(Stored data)
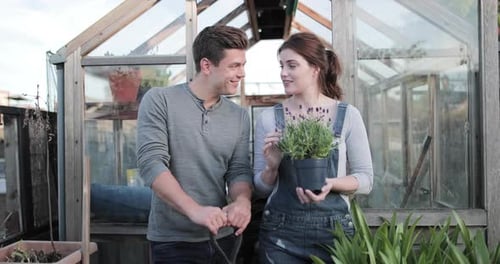Couple Smiling in Garden Greenhouse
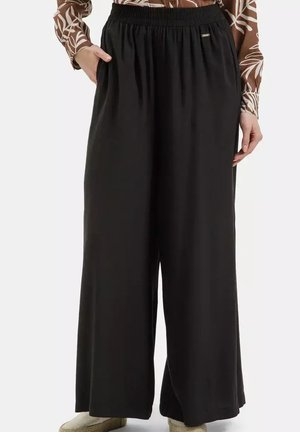 Kobieta nosząca luźne czarne spodnie z szerokimi nogawkami i elastycznym pasem, ręce w kieszeniach, w połączeniu z wzorzystym długim rękawem i beżowymi butami.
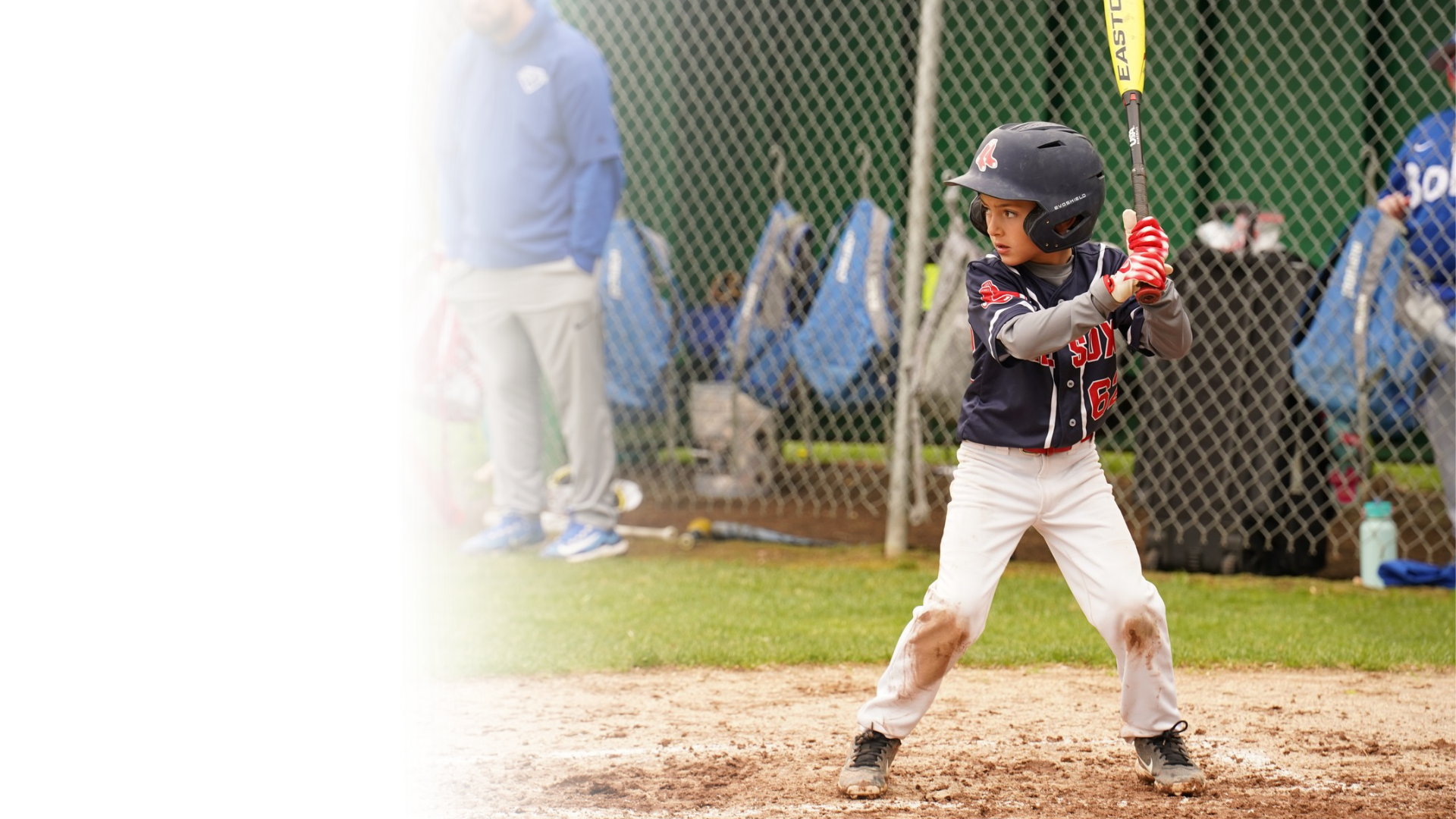 A young baseball player stands at home plate.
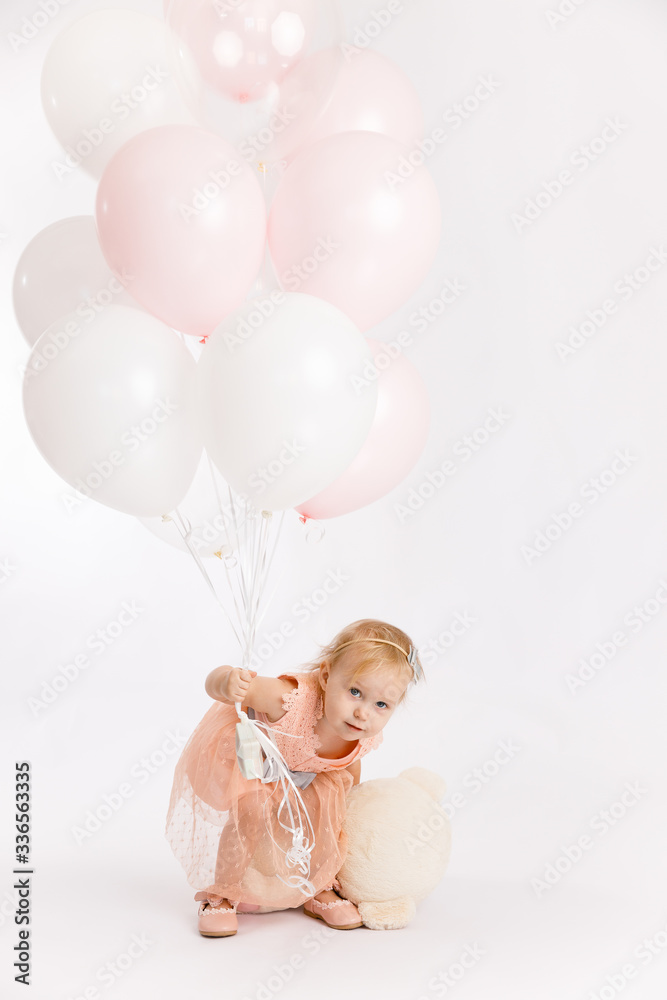 Little cute girl holds branch of balloons and large Teddy bear enjoy festive birthday event wear pink pastel summer dress isolated on a white background. Little cute girl holds branch of balloons and large Teddy bear enjoy festive birthday event wear pink pastel summer dress isolated on a white background.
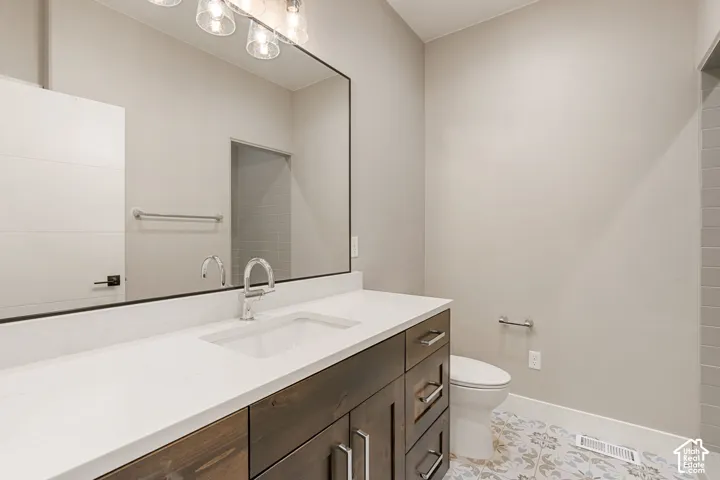 Wood-finish vanity with an integrated rectangular sink, large rectangular mirror, and an overhead vanity light fixture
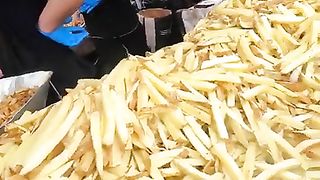 Mountain of French Fries, Chips, Fried Potatoes. London Street Food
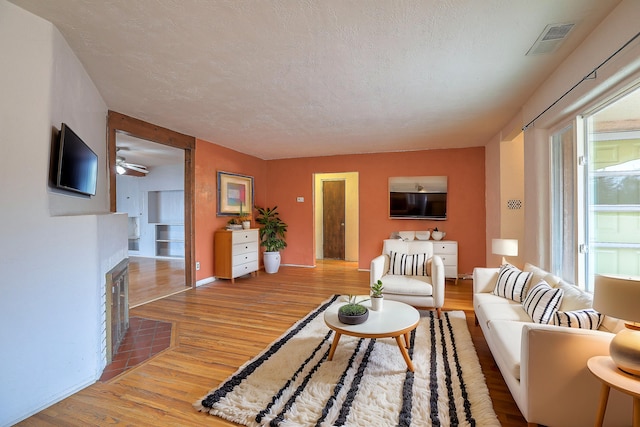 living room featuring light hardwood / wood-style floors, a textured ceiling, and ceiling fan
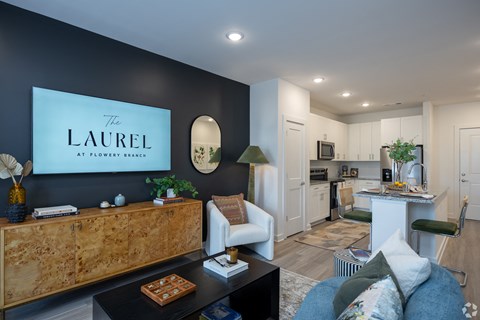 a living room with a tv on the wall and a kitchen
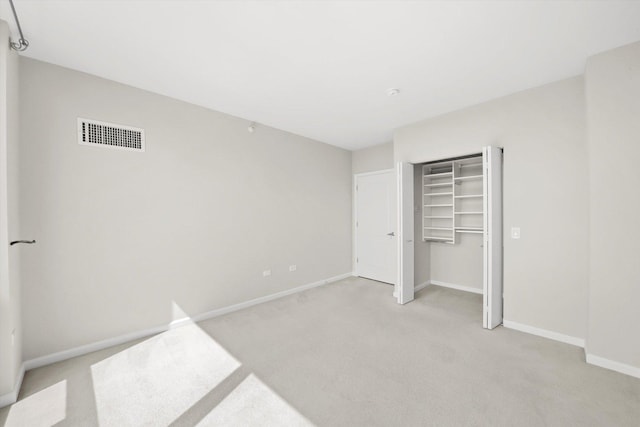 125 S Jefferson St Unit 1702, Chicago, IL 60661 - unfurnished bedroom featuring light carpet and a closet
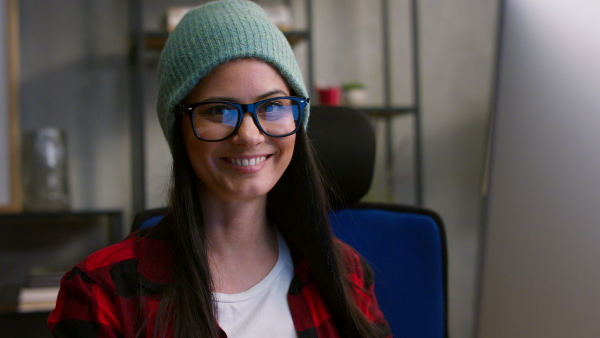 A close up of happy female video editor looking at camera indoors in creative office studio.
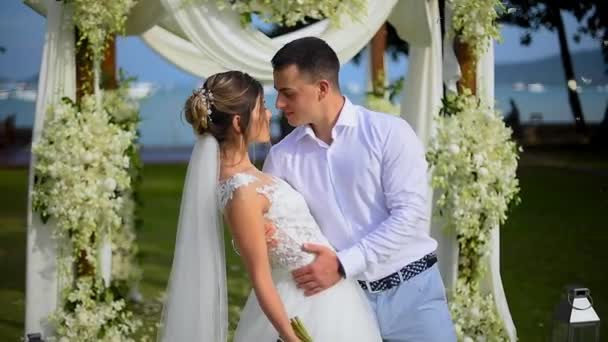 新婚夫妇拥抱和亲吻 轻轻地触摸对方 新娘欣赏她的花束在婚礼装饰 — 图库视频影像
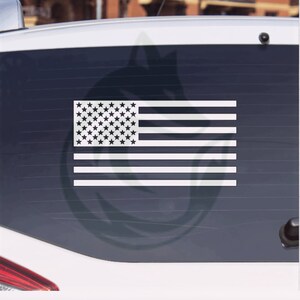 May include: A white American flag decal on a car window. The flag has 13 red and white stripes and a blue field with 50 white stars.
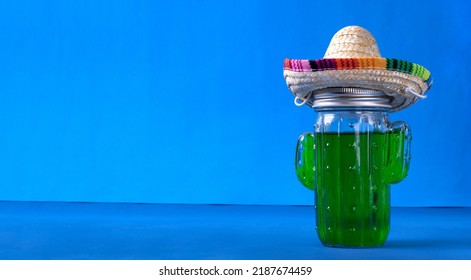 Green Drink In Cactus Shaped Glass Jar With Sombrero Hat On Blue Background. Refreshing Summer Beverage. Mexican Vacation Concept. Mockup With Copy Space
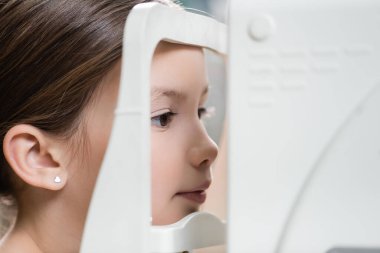 girl measuring eyesight on blurred ophthalmoscope  clipart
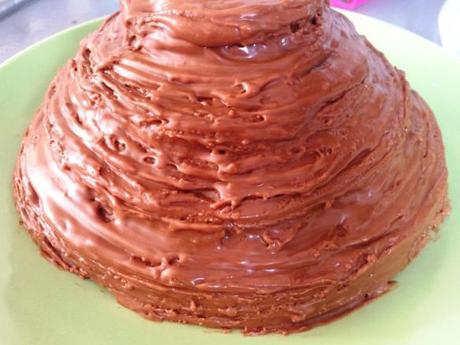 sticky chocolate honey buttercream icing on beehive cake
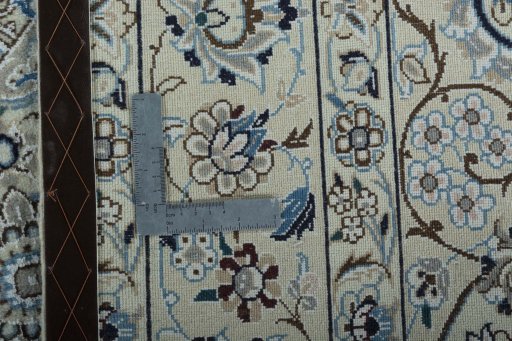 Backside of handmade 2000s Nain rug showing knot structure and weave density
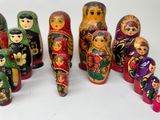 a lot of russian nesting dolls on a white surface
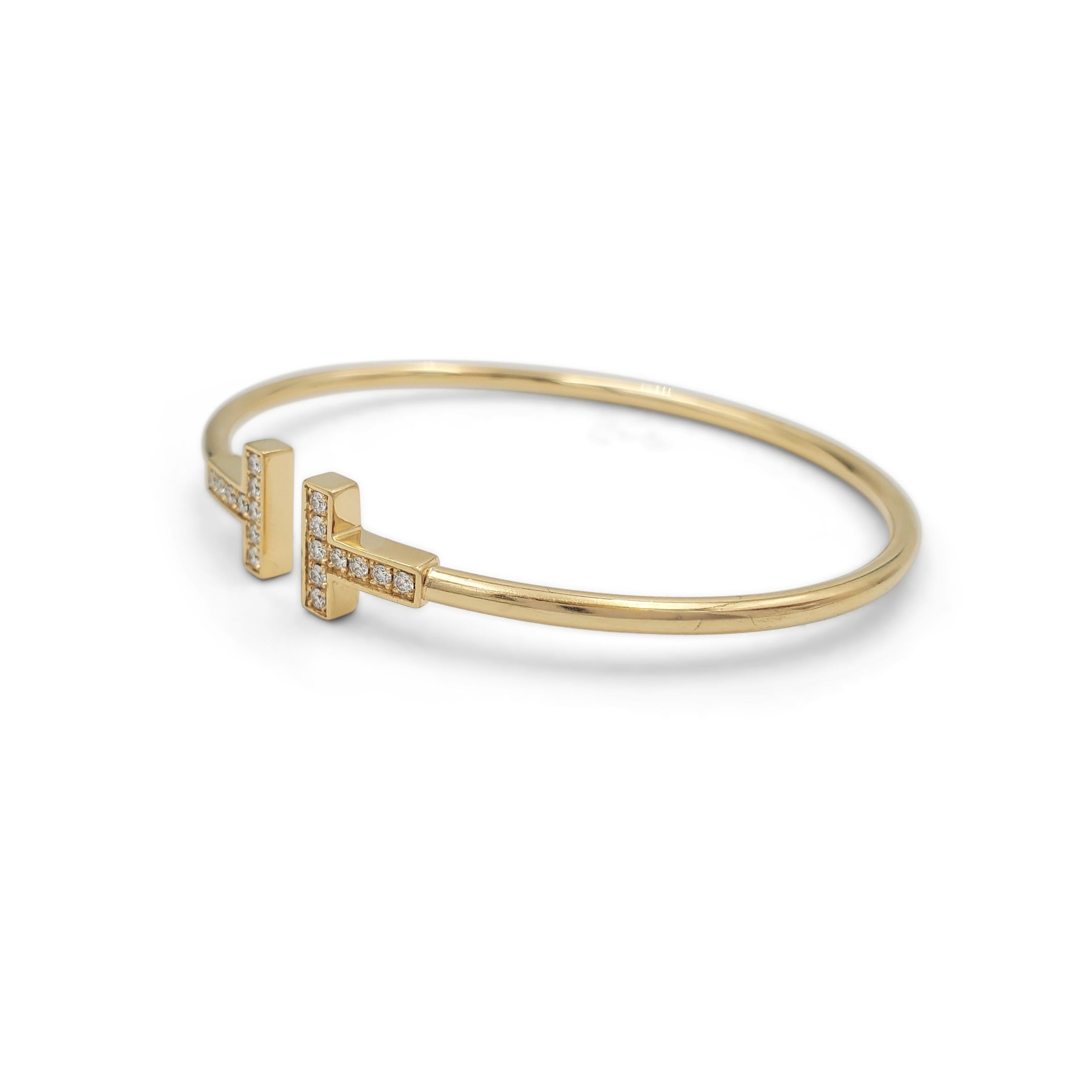 Authentic Tiffany & Co. T Square Wire bracelet made in 18 karat yellow gold with approximately 18 diamonds weighing an estimated .18 carats. Can fit up to a size 6 1/4 wrist.  Inspired by the strong, clean lines of the letter T, this bracelet is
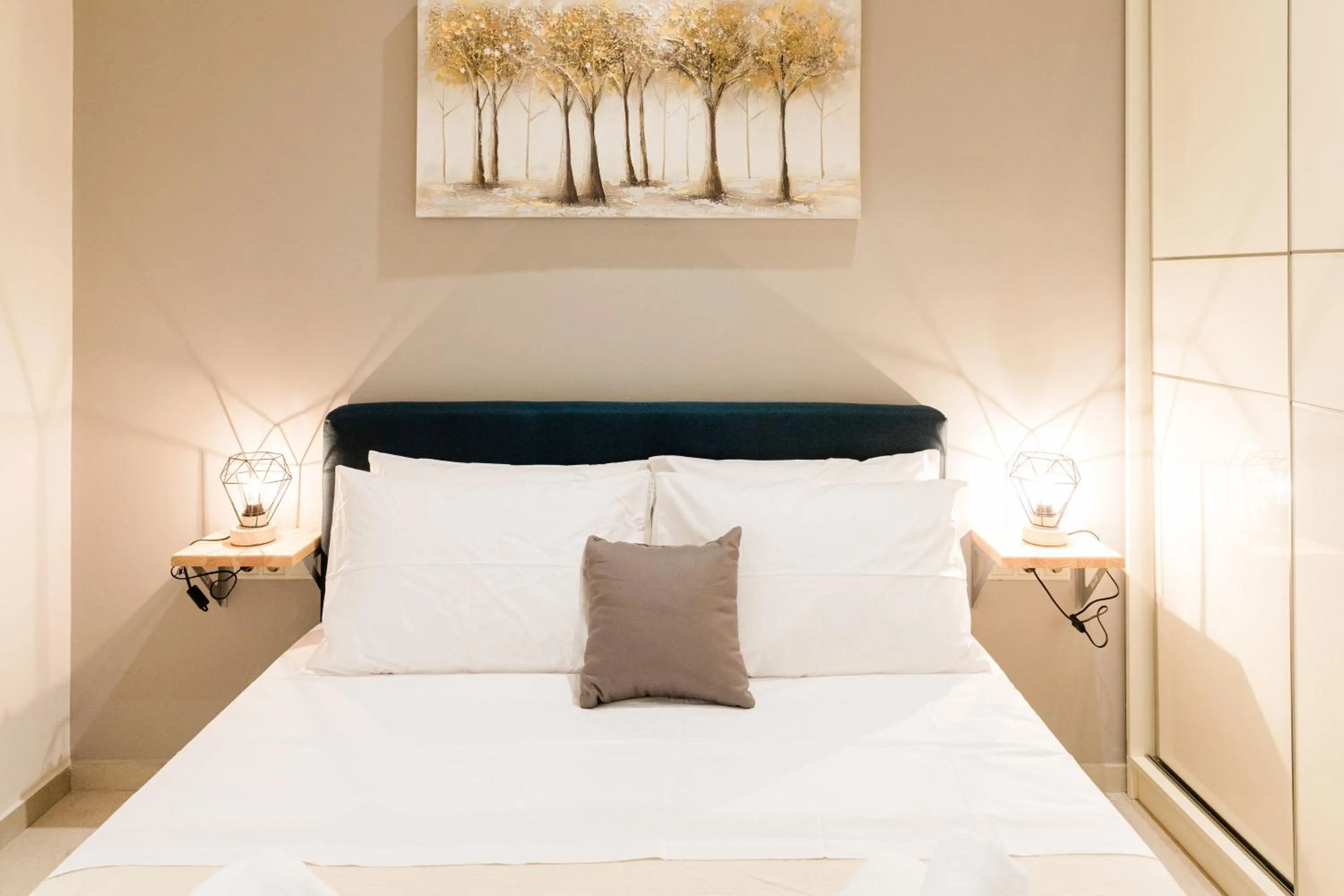 Bed in Seadrop Suites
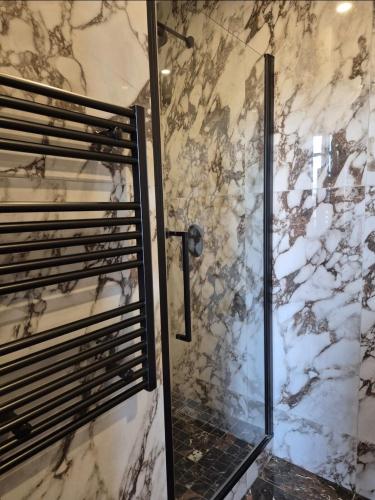 La salle de bains est pourvue d'une douche et d'un mur en marbre. dans l'établissement LUXE-POLE Appartement à 100m de Monaco, à Cap d'Ail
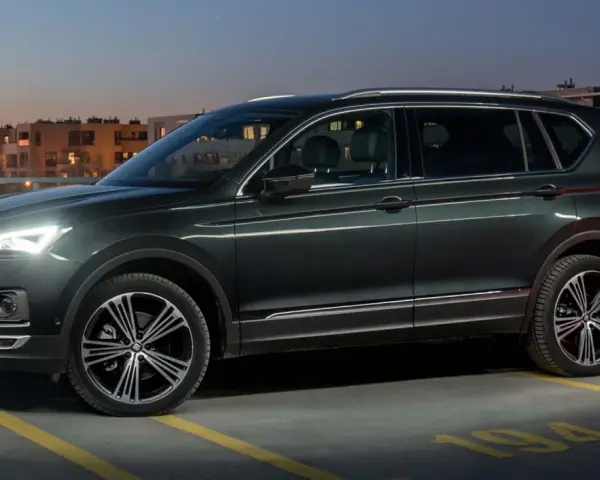 Ciemnozielony SUV z siedmioma miejscami stoi na parkingu nocą, z widokiem na budynki mieszkalne.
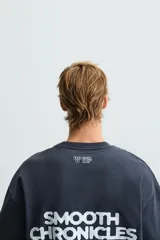 Sudadera relaxed fit confeccionada en tejido de algodón con el interior rizo. Cuello redondo y manga corta. Estampación de gráficos y textos combinados a contraste en delantero y espalda.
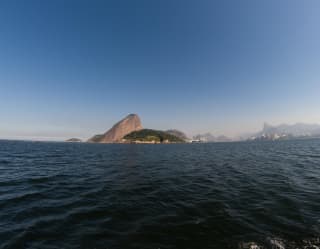 Mountains rising along the Rio de Janeiro coastline, viewed from across water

Task prompt.
All that belongs in the answer is the lines from the line with "Backside of handmade" through the closing line of the entries, inclusive, transcribed exactly and free of pictures.

Written answer.
 Backside of handmade 2000s Nain rug showing knot structure and weave density
 a lot of russian nesting dolls on a white surface
 Authentic Tiffany & Co. T Square Wire bracelet made in 18 karat yellow gold with approximately 18 diamonds weighing an estimated .18 carats. Can fit up to a size 6 1/4 wrist.  Inspired by the strong, clean lines of the letter T, this bracelet is
 Bed in Seadrop Suites
 La salle de bains est pourvue d'une douche et d'un mur en marbre. dans l'établissement LUXE-POLE Appartement à 100m de Monaco, à Cap d'Ail
 Ciemnozielony SUV z siedmioma miejscami stoi na parkingu nocą, z widokiem na budynki mieszkalne.
 Sudadera relaxed fit confeccionada en tejido de algodón con el interior rizo. Cuello redondo y manga corta. Estampación de gráficos y textos combinados a contraste en delantero y espalda.
 Mountains rising along the Rio de Janeiro coastline, viewed from across water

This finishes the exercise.